§ WHAT TO PRODUCE: Two lines mark the range in the entries below: the one holding "Danner バンダナロゴジップパーカー" and the one holding "Ver imagem 4". Set down those two and all lines between them, exactly.

───── DATA FOR ANALYSIS

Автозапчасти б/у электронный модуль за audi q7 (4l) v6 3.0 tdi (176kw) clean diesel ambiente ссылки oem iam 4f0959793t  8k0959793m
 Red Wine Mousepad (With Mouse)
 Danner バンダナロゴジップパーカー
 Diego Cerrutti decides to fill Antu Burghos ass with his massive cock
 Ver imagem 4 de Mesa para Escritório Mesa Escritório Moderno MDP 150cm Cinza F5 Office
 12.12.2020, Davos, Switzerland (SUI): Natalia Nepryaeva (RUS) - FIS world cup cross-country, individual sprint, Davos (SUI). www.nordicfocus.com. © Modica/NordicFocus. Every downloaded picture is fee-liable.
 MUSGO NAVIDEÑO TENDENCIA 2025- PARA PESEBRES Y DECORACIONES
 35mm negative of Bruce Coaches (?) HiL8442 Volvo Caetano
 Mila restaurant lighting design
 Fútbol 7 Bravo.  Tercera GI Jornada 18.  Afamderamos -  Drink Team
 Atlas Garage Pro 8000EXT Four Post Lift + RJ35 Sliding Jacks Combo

──────────

§ RESULT:
 Danner バンダナロゴジップパーカー
 Diego Cerrutti decides to fill Antu Burghos ass with his massive cock
 Ver imagem 4 de Mesa para Escritório Mesa Escritório Moderno MDP 150cm Cinza F5 Office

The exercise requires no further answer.